===== Data provided =====

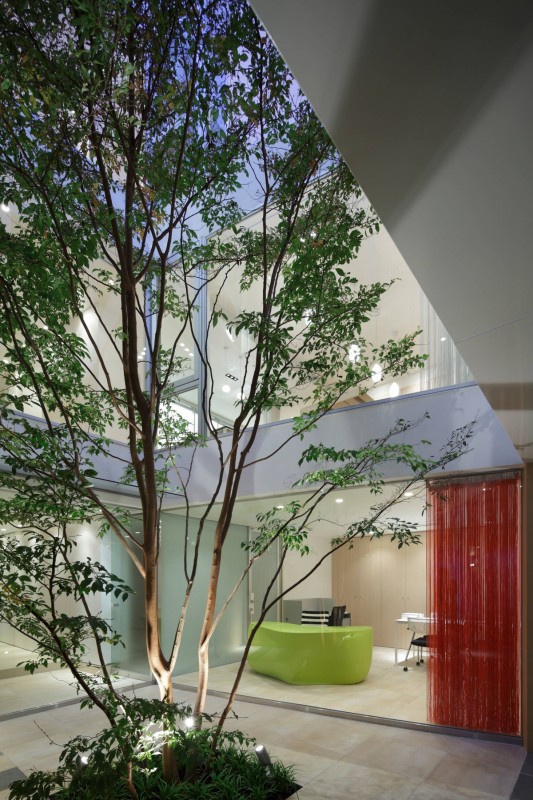 Сочетание современных и традиционных идей в дизайне японского дома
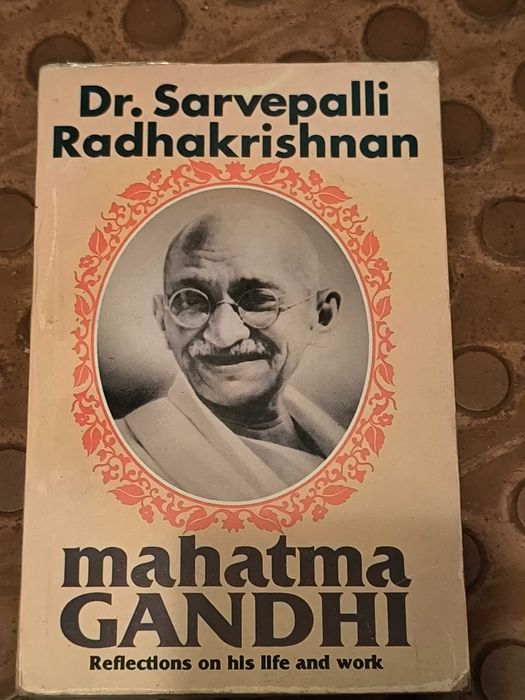 Mahatma Gandhi: reflections on his life and work
de S. Radhakrishnan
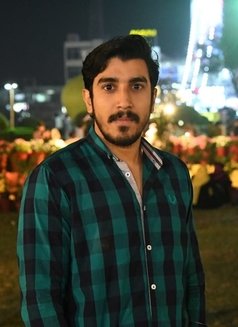 Mr. Yasir Male Escort - Acompañantes masculino in Dubai Photo 1 of 2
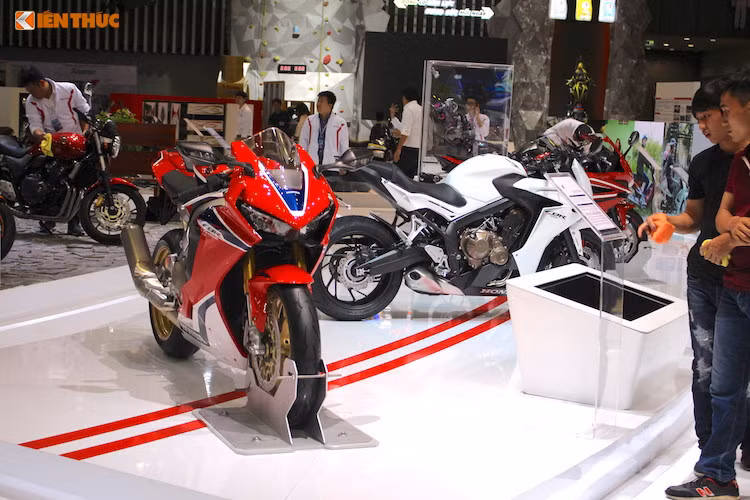 Ngay trong năm 2018 này, Honda Việt Nam rất có thể sẽ chính thức giới thiệu những mẫu xe môtô phân khối lớn Honda tại thị trường Việt Nam. Đây được xem là tin vui cho các tín đồ đam mê môtô thể thao bởi với loạt xe PKL chính hãng được bán ra, mức giá của dòng xe này cũng sẽ cạnh tranh hơn nhiều so với trước.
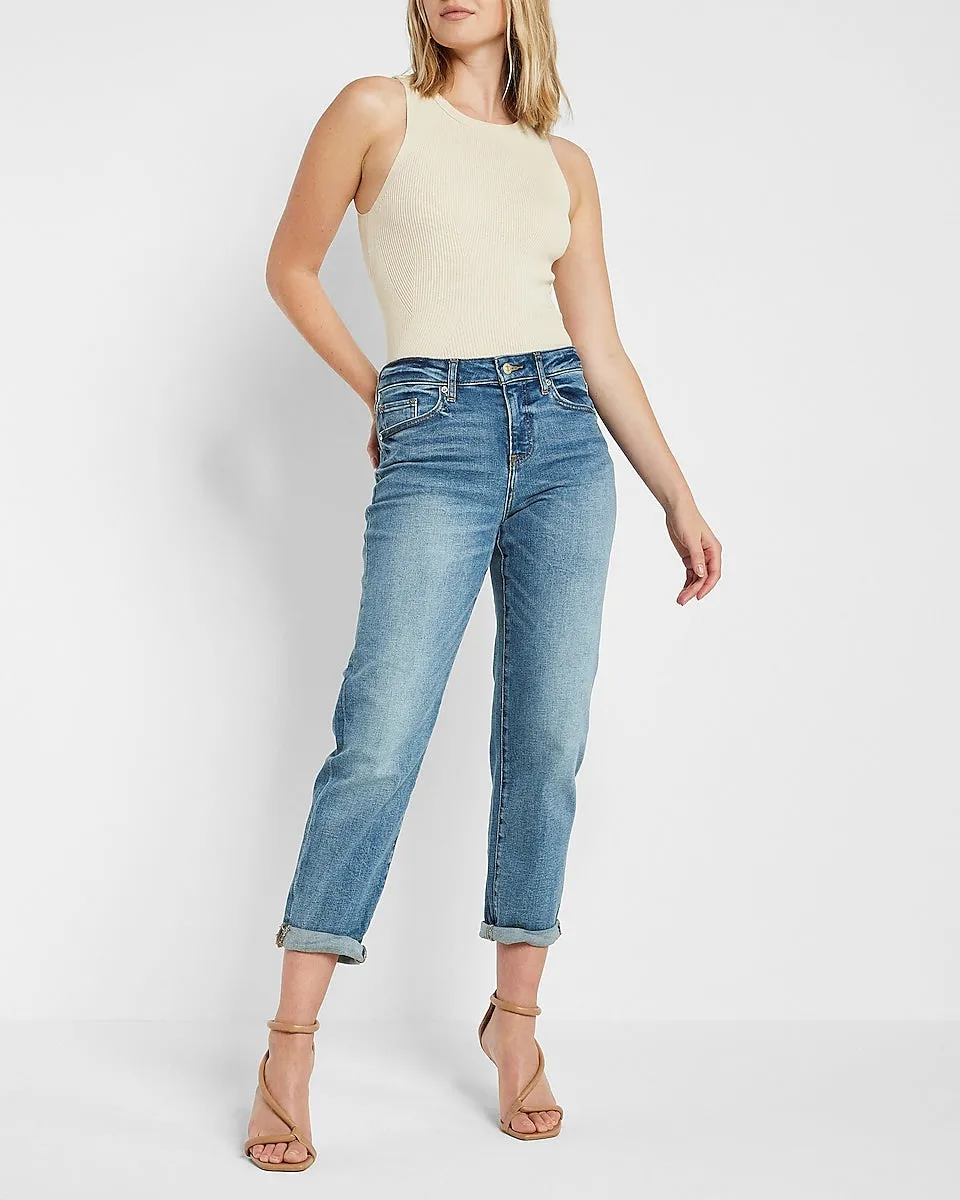 Mid Rise Medium Wash Boyfriend Jeans in Medium Wash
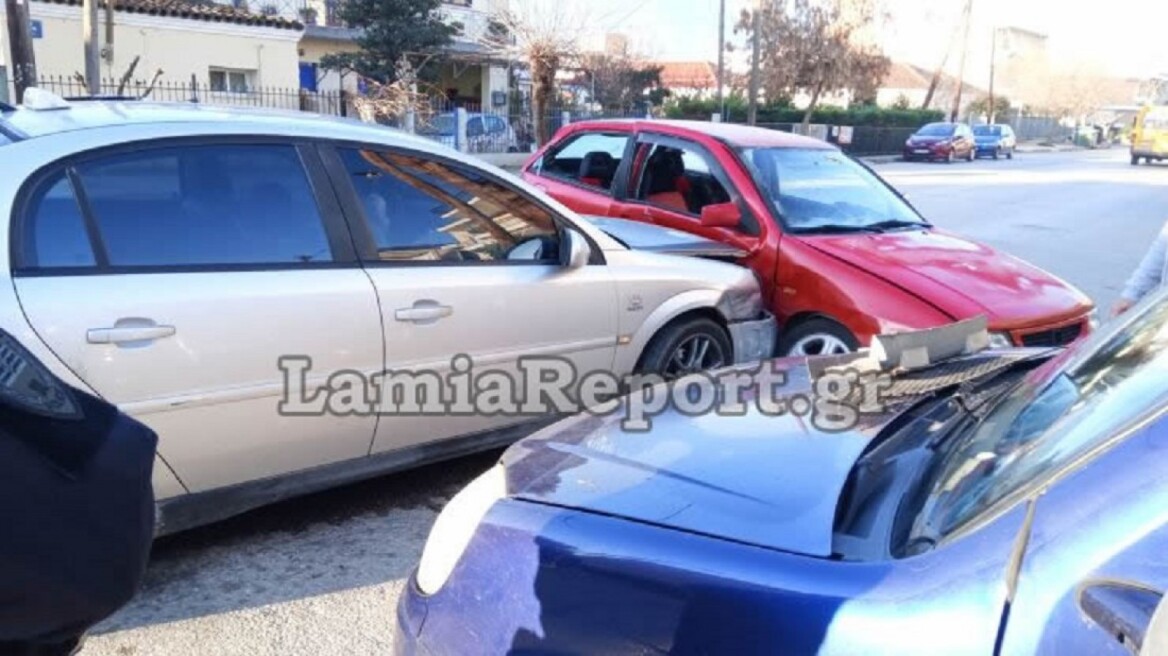 Λαμία: Τροχαίο με μαθητές που πήγαιναν στο σχολείο τους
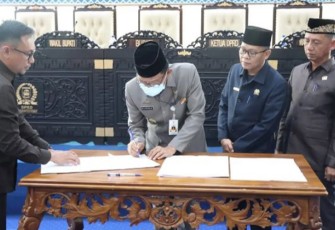 Persetujuan Bersama dan Penandatanganan Ranperda APBD TA 2023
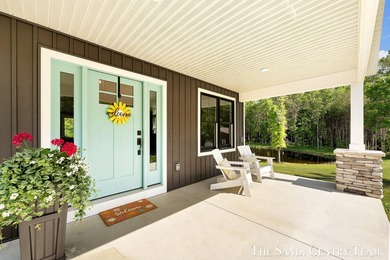 Escape to your own private retreat with this exceptional - photo 6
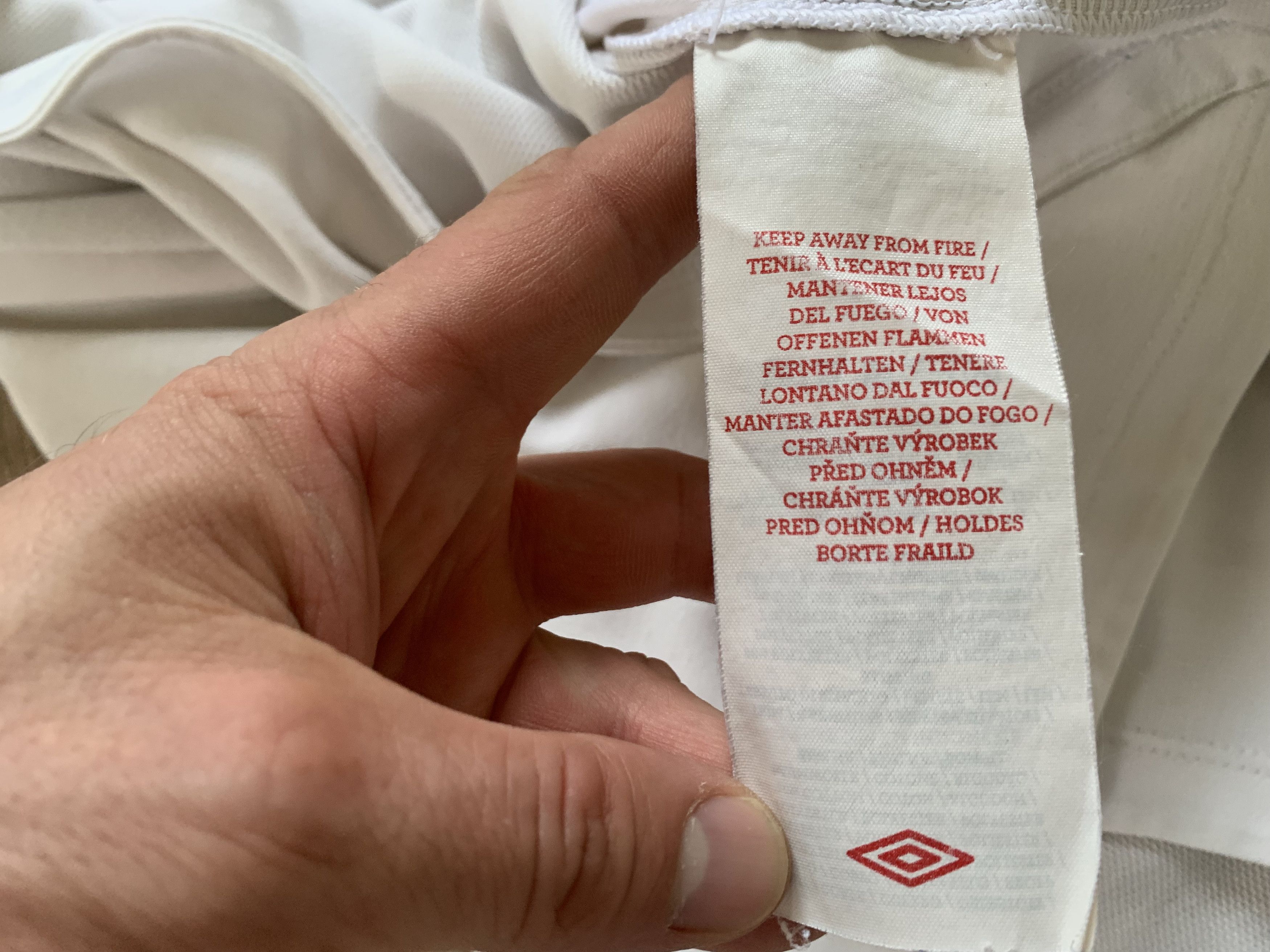 Umbro Umbro England White Training Soccer T Shirt Jersey Size US L / EU 52-54 / 3 - 6 Thumbnail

=====

What the exercise asks -> Return the data verbatim, leaving out the pictures it holds.

Result of this task ->
 Сочетание современных и традиционных идей в дизайне японского дома
 Mahatma Gandhi: reflections on his life and work
de S. Radhakrishnan
 Mr. Yasir Male Escort - Acompañantes masculino in Dubai Photo 1 of 2
 Ngay trong năm 2018 này, Honda Việt Nam rất có thể sẽ chính thức giới thiệu những mẫu xe môtô phân khối lớn Honda tại thị trường Việt Nam. Đây được xem là tin vui cho các tín đồ đam mê môtô thể thao bởi với loạt xe PKL chính hãng được bán ra, mức giá của dòng xe này cũng sẽ cạnh tranh hơn nhiều so với trước.
 Mid Rise Medium Wash Boyfriend Jeans in Medium Wash
 Λαμία: Τροχαίο με μαθητές που πήγαιναν στο σχολείο τους
 Persetujuan Bersama dan Penandatanganan Ranperda APBD TA 2023
 Escape to your own private retreat with this exceptional - photo 6
 Umbro Umbro England White Training Soccer T Shirt Jersey Size US L / EU 52-54 / 3 - 6 Thumbnail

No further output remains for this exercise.